Hartford Mayor Luke Bronin will present his budget to the City Council Monday, and he's projecting a $50 million hole. But he said a lack of clarity about the state budget is making the city's job harder.
Bronin said his budget is bare bones -- this year he cut millions, eliminated dozens of positions, and called for labor concessions, which he's mostly not yet gotten.
And his problem is exacerbated by the fact that half of the city's property is tax exempt.
Even if you figure in the $10 million that three of the city's largest employers have pledged annually for five years, Hartford still has a structural budget problem that only the state can fix, Bronin said.
The governor proposed an additional $35 million for Hartford.
The mayor is hoping legislators send even more his way, and quickly.
"I hope that there's a state budget in place by the beginning of June," he said. "But what is going to be really, really difficult for us is if we begin the next fiscal year -- if we head into July 1 facing a $50 million shortfall and no state budget, it is going to present us with a problem that we simply can't solve at the local level."
Rep.

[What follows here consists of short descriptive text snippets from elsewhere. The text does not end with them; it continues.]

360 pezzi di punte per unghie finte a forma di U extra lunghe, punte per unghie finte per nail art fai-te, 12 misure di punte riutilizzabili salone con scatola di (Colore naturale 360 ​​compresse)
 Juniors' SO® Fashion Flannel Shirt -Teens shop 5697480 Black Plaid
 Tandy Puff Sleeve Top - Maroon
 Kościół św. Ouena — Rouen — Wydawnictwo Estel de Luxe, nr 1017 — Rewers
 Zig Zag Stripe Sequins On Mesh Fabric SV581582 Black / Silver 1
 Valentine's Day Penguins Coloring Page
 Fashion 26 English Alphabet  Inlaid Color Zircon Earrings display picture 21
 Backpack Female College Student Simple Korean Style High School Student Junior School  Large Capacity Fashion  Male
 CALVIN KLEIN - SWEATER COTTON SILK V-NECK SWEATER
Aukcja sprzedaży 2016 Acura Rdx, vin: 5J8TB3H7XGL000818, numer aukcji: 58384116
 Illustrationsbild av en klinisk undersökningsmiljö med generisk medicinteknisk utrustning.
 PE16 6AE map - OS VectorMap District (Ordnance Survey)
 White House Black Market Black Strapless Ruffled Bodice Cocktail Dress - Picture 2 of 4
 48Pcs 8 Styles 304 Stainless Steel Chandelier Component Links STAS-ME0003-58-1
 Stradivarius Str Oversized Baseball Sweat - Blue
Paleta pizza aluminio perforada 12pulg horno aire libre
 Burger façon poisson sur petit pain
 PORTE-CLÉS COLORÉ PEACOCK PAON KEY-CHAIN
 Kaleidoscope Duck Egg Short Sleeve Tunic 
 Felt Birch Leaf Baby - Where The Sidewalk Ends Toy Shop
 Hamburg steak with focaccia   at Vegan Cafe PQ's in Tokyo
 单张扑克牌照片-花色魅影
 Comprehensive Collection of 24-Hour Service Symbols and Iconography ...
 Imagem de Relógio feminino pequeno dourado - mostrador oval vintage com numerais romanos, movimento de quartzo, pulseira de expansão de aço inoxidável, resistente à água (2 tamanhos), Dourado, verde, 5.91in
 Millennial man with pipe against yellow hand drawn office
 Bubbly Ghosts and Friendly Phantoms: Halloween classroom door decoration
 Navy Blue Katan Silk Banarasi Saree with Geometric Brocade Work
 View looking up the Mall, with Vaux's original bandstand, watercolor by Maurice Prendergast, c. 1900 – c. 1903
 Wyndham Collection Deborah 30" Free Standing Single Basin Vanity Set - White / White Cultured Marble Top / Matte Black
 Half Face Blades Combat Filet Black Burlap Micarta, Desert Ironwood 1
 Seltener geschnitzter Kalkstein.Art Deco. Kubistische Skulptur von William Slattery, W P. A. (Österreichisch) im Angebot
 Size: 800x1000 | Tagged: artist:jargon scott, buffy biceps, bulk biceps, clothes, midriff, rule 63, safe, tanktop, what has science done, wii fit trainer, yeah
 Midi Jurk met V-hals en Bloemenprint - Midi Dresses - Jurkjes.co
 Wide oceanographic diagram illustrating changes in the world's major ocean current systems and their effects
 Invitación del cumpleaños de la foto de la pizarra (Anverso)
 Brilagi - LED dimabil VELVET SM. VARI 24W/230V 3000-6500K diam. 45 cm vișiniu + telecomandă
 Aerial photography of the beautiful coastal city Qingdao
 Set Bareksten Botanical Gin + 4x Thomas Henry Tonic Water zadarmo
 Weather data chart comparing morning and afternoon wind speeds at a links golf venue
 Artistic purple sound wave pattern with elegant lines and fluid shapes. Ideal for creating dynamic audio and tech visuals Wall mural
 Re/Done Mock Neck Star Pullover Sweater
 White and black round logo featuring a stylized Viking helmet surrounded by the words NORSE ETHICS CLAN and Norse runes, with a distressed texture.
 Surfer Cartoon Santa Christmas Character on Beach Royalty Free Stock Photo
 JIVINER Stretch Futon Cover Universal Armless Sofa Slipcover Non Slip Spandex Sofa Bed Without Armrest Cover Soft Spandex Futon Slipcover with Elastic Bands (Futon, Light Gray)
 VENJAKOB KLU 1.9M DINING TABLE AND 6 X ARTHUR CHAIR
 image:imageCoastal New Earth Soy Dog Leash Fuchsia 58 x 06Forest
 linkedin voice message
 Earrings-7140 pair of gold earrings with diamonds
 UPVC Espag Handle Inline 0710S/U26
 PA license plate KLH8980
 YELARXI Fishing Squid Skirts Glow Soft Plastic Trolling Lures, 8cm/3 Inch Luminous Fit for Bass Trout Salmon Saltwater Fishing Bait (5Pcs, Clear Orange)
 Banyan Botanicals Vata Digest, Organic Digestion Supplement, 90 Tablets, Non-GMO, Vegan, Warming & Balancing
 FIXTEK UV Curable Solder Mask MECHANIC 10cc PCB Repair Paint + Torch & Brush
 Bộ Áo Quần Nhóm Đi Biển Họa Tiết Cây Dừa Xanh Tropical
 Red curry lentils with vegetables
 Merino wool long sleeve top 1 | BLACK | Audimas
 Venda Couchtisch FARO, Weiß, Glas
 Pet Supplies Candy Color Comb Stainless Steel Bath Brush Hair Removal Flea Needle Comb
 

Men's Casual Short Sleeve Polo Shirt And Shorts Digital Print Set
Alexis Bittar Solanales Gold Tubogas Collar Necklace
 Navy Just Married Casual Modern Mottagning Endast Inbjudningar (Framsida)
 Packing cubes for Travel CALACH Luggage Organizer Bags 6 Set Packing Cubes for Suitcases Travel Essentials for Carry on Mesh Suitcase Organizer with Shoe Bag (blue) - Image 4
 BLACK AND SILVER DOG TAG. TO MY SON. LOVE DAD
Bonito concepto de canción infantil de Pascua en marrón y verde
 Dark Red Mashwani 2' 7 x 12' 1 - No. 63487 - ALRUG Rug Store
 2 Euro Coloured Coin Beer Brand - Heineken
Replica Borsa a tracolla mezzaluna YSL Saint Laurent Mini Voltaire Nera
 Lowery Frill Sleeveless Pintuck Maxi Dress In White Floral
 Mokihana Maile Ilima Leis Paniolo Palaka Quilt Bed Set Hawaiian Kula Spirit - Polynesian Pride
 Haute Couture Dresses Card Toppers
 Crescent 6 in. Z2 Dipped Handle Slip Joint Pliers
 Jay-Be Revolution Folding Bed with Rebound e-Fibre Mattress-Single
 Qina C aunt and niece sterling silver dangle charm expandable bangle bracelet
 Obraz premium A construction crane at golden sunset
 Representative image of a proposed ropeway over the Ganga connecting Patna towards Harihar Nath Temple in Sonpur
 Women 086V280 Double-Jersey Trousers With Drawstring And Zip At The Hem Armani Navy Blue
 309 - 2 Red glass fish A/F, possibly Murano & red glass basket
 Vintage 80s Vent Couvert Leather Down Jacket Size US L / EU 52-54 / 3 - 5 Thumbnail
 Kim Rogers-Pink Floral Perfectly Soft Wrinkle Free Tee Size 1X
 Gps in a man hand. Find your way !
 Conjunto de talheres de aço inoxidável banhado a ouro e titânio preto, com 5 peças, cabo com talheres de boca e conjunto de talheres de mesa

Matt Ritter represents Hartford and is the Democratic majority leader in the state house. He said it's not yet time for alarm, and that while the legislature moves slowly, it will eventually move, and Hartford will likely get additional money.
But it won't be without conditions.
"There will be requirements and strings attached to that so that these things do not come back up in, say, five or 10 years... bonding caps, no question. There may be a spending cap on the city," Ritter said. "There are going to need to be checks and balances [so] that people at the state capitol can feel assured that there are not going to be similar problems down the road."
By charter, the city's budget has to be approved by May 31 -- likely well in advance of any state budget agreement.